While not the fastest way of constructing a sparse matrix, this isn't horribly slow either, at least not the lil
assignment step:
In [204]: N=100
In [205]: M=sparse.lil_matrix((N,N))
In [206]: for i in range(N):
...: for j in range(N):
...: M[i,j]=(i==j)
In [207]: M
Out[207]:
<100x100 sparse matrix of type '<class 'numpy.float64'>'
with 100 stored elements in LInked List format>
It saved just the nonzero values to M
. I barely saw the delay during the loop.
So my guess is that most of the time is spent in the panadas
indexing expression:
np.sum(data[data['source_node']==i].destination_node.isin(data[data['source_node']==j].destination_node))
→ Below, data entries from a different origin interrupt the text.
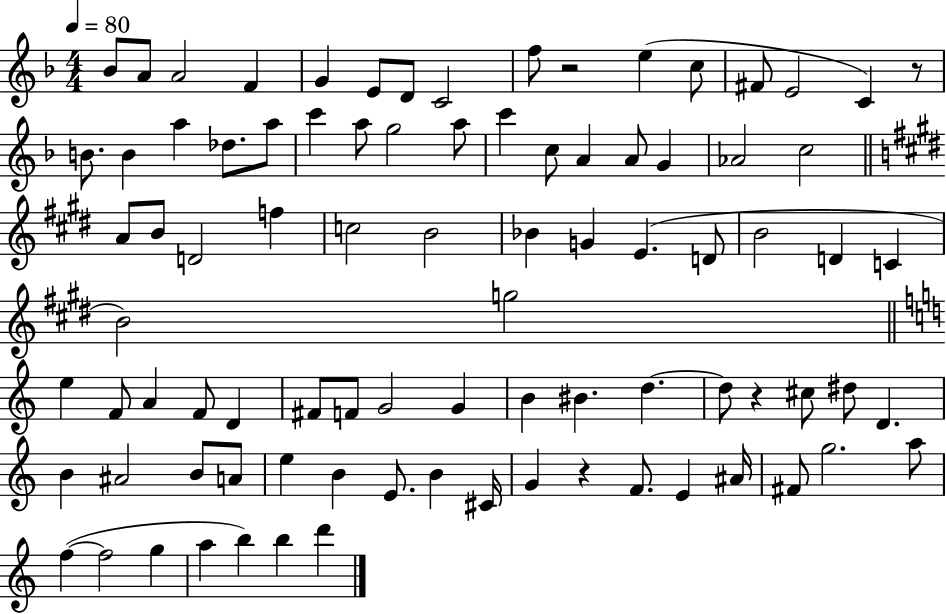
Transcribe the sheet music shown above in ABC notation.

X:1
T:Untitled
M:4/4
L:1/4
K:F
_B/2 A/2 A2 F G E/2 D/2 C2 f/2 z2 e c/2 ^F/2 E2 C z/2 B/2 B a _d/2 a/2 c' a/2 g2 a/2 c' c/2 A A/2 G _A2 c2 A/2 B/2 D2 f c2 B2 _B G E D/2 B2 D C B2 g2 e F/2 A F/2 D ^F/2 F/2 G2 G B ^B d d/2 z ^c/2 ^d/2 D B ^A2 B/2 A/2 e B E/2 B ^C/4 G z F/2 E ^A/4 ^F/2 g2 a/2 f f2 g a b b d'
Converting data, often textual, into coocurance counts sparse matrices comes up often. They are used in learning code, pattern searches etc. scikit-learn
is often used. Also tensorflow
.
For N=1000
In [212]: %%timeit
...: M=sparse.lil_matrix((N,N))
...: for i in range(N):
...: for j in range(N):
...: M[i,j]=(i==j)
...:
1 loop, best of 3: 7.31 s per loop
Iteratively assigning these values to a dense array is faster, even if we include the conversion to sparse at the end.
In [213]: %%timeit
...: M=np.zeros((N,N))
...: for i in range(N):
...: for j in range(N):
...: M[i,j]=(i==j)
...:
1 loop, best of 3: 353 ms per loop
In [214]: %%timeit
...: M=np.zeros((N,N))
...: for i in range(N):
...: for j in range(N):
...: M[i,j]=(i==j)
...: M = sparse.lil_matrix(M)
...:
1 loop, best of 3: 353 ms per loop
But for the very large case, creating that intermediate dense array might hit memory problems.